In an age when two sides manage to score 870+ runs between them in one day and when a player like Scott Styris has a better batting average than Bert Sutcliffe you have to start to wonder if perhaps batting at the top level has become too easy. Better bats and shorter boundaries mean that the game is slowly being dominated by a certain kind of mediocre slogger (like Scott Styris) and bowling has been reduced to making sure your little medium pacers are dobbed in the right place (like Scott Styris does).

Is this a good thing? Are booming sixes and crashing fours what the crowds want to see? Or should some balance be bought back into the game? Cricinfo has begun asking these same questions and have asked cricket experts such as Gideon Haigh, Bob Woolmer and Amit Varma to respond. So far the result has been a series of excellent essays looking at the situation and looking at what can be done to make sure that cricket remains cricket.

2 comments:

Ben said...

Are you bringing this up because you want to open a discussion, or are you just pointing out the articles to us? I feel I need to make a response regardless.

Complaining about modern batsmen being better than older batsmen smacks to me of the complaints of certain English rugby commentators that there are no longer games decided solely on penalties. That modern games are more exciting shouldn't be taken to mean that they not as good.

I think it is drawing quite a long bow to claim that the game is dominated by mediocre sloggers and medium pacers.

In one-day cricket the batting is dominated by class sloggers such as Vincent, Gilchrist and Cairns, and the bowling is dominated by pace and guile, as it always has been. The dobbers rarely bowl more than 10 overs an innings between them. Mediocrity is not rewarded.

In test cricket, it is pace that dominates the bowling, more so than ever perhaps, with the ability to get the ball to move and deceive the batsman also still being useful. If anything, the dobbers have been hit out of the attack. Now, while it may be true that batsmen are thriving on powerful hitting, success still depends on the old skills of timing and placement. Even twenty20 has shown this. And rotating the strike and picking up ones and twos still make up important parts of a batsman's innings; while more runs may be scored in boundaries, the majority of scoring shots are not boundaries.

As you clearly agree, Scott Styris is a great exponent of this modern brand of cricket. He hits the ball hard and gets plenty of boundaries. However, his success is due to the traditional skills - technique at the crease and good shot execution. His reward for this approach is not just a good average, but also an outstanding conversion rate.

In short then, unlike tennis, cricket has not been unduly affected by the increase in powerful play, it has just taken on a different complexion.
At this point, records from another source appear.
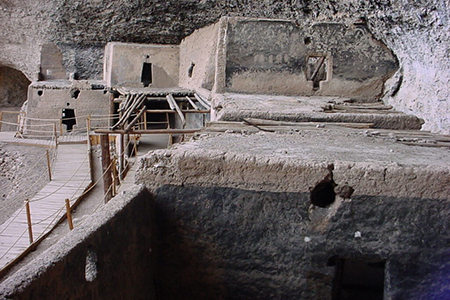 Estudiantes de la Primaria Abraham González 2228 en Madera visitaron Cuarenta Casas, donde exploraron cuevas y estructuras antiguas, fortaleciendo conocimientos sobre historia, patrimonio cultural y conservación ambiental.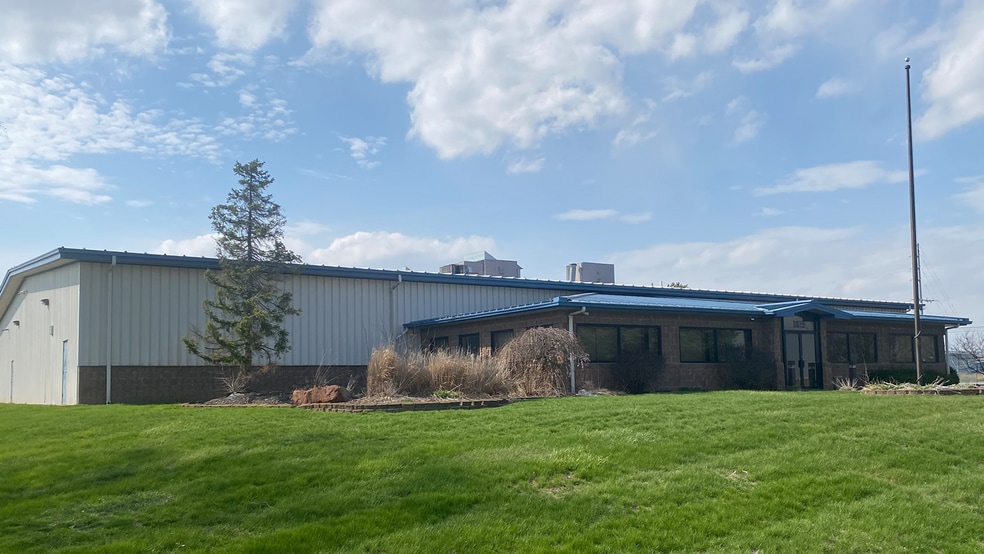 Primary Photo Of 1815 Touby Pike, Kokomo Flex For Sale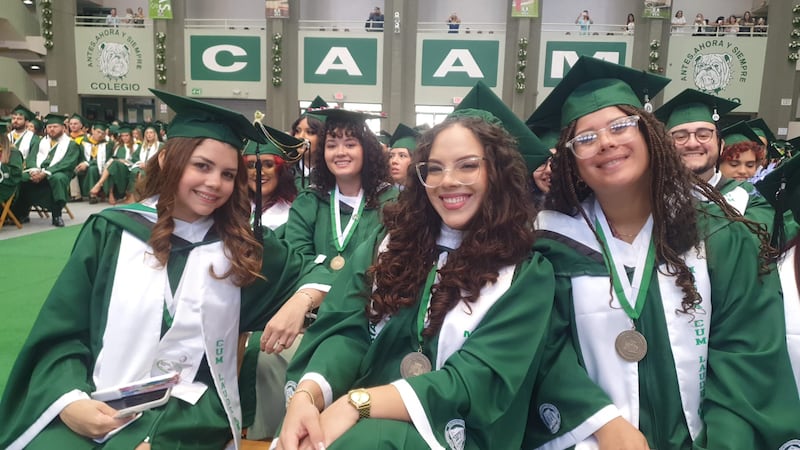 RUM celebra su centésima duodécima graduación con 1,720 graduandos.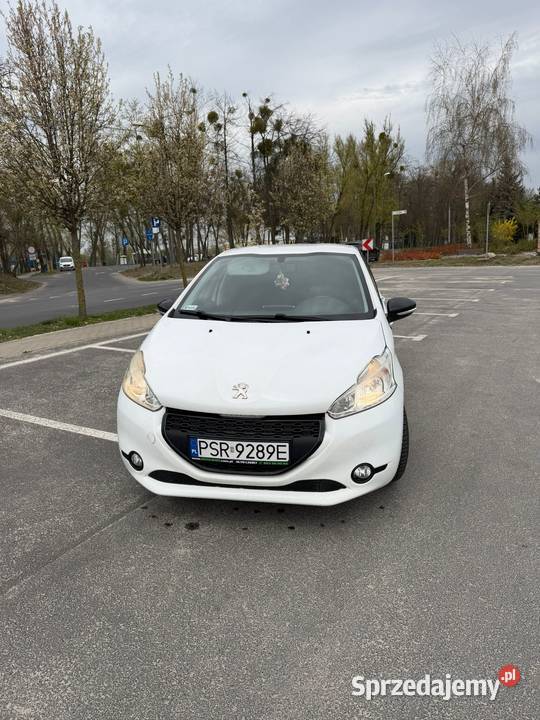 Peugeot 208 2012 r 14 Środa Wielkopolska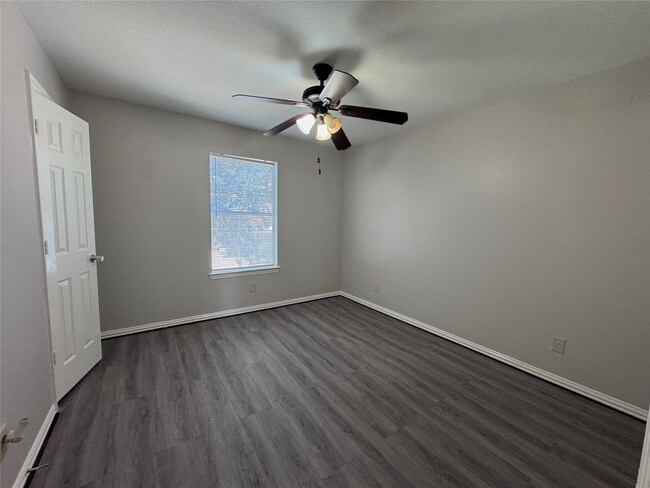 Building Photo - 12424 Sunlit Wood Way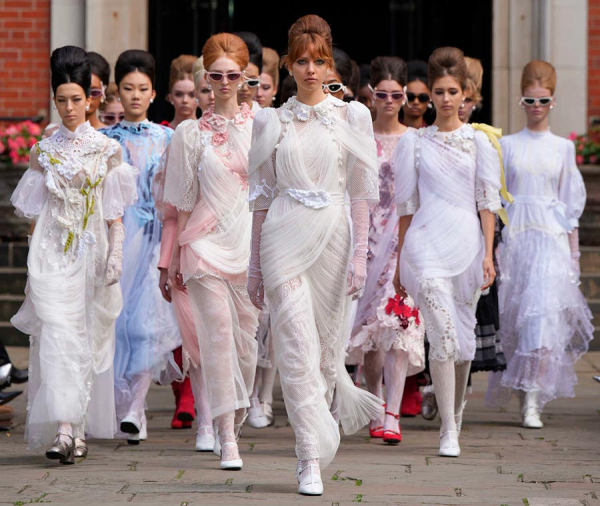 Принцесса из TikTok и фильмов Диснея: трендовые образы из актуальных коллекций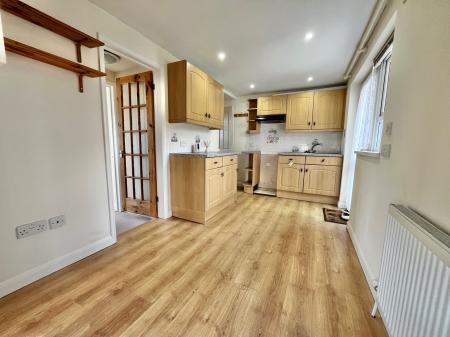 6 bedroom Detached house for sale in Mote Park, Saltash, PL12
But that's because cricket has more dimensions than tennis. Even with the ball being belted, there is still so much room for skill and finesse.

(And by the way Mike, Sutcliffe's average is fractionally higher than Styris', so everything is okay in the world. But that conversion rate...)

Karl said...

World class bowlers still win matches. On the day you published this, the results on the front page of Cricinfo highlight that Harbhajan Singh and Shane Warne have won matches for their country (after Brett Lee had taken 5 in the first innings).

Batsmen are undoubtedly better today because they are fulltime professionals, paid a lot of money. If they aren't better than they used to be, then surely we would have cause to complain. Which highlights what a genius Don Bradman was all those years ago.